Starting to incorporate a little more hand tools as I acquire them. Mostly due to I just have a thing for old tools and I think it is really cool to use them and not just collect them.

Reactions: Like 6


----------



## Karl_99 (Aug 13, 2017)

It really depends on the task at hand and what is available. I do like using hand tools.

Reactions: Like 3 | Agree 1


----------



## Mike1950 (Aug 13, 2017)

I have both. If I can use a machine I do. My shoulders would not allow me to become a fulltime hand tool guy... Gotta maximize what you can do and power tools do that for me

Reactions: Like 3 | Agree 4


----------



## CWS (Aug 13, 2017)

I like machinery.

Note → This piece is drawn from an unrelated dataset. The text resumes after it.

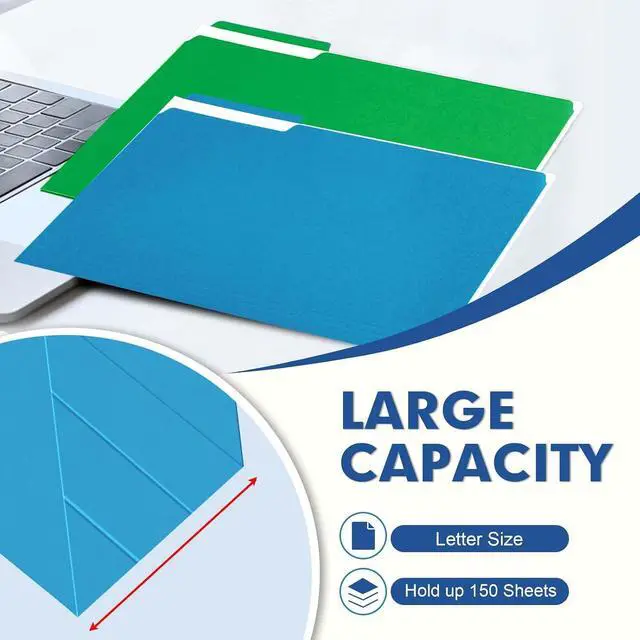 Alt view image 5 of 7 - PANDRI Colored File Folders, 30 Pack 1/3 Cut Tab File Folder, 6 Colors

I am old and lazy. Loading a blank on the CNC is enough hand work for me. I do like to collect a few old tools. I have my grandfathers two hand saws that he used when I helped him I was growing up.

Reactions: Like 2 | Agree 1 | Funny 2


----------



## DKMD (Aug 13, 2017)

More power tools for me... I prefer the speed. There is something cool about the Roy Underhill approach, but speed wins out for me.

Reactions: Like 2 | Agree 2


----------



## Brink (Aug 13, 2017)

Speed, precision, and intricacy for me.
It's either power or hand tooling that will give the best result

Reactions: Like 1 | Agree 1


----------



## David Hill (Aug 13, 2017)

Time is limited in the shop (HEAT, honeydo's, work, other projects, )so machinery for the most part. That's not to say I don't apprecuate using or seeing hand tools used.

Reactions: Like 1 | Agree 2


----------



## Blueglass (Aug 13, 2017)

I use both. Some things I just don't have the tools and technique to do by hand. I keep experimenting on smaller projects trying to get things down. I like hand tools and find them more precise on other parts of my work. I love how quiet hand tools are. I love the sound of a sharp plane cutting.

Reactions: Like 3


----------



## Nature Man (Aug 13, 2017)

I prefer machinery. While I tend to have a lot of patience usually, I am very much interested in seeing progress in projects! Chuck

Reactions: Like 1


----------



## Tony (Aug 13, 2017)

I am almost exclusively power tools. I've never learned to use hand tools and it just doesn't interest me. I could watch Roy Underhill all day and enjoy it, just don't want to do it myself. Tony

Reactions: Like 1 | Agree 1


----------



## Brink (Aug 13, 2017)

All power tooled



 

All hand tooled

Reactions: Like 1 | Funny 1 | Way Cool 1


----------



## Spinartist (Aug 13, 2017)

Both at the same time! Lathe is power tool. Chisels are hand tools.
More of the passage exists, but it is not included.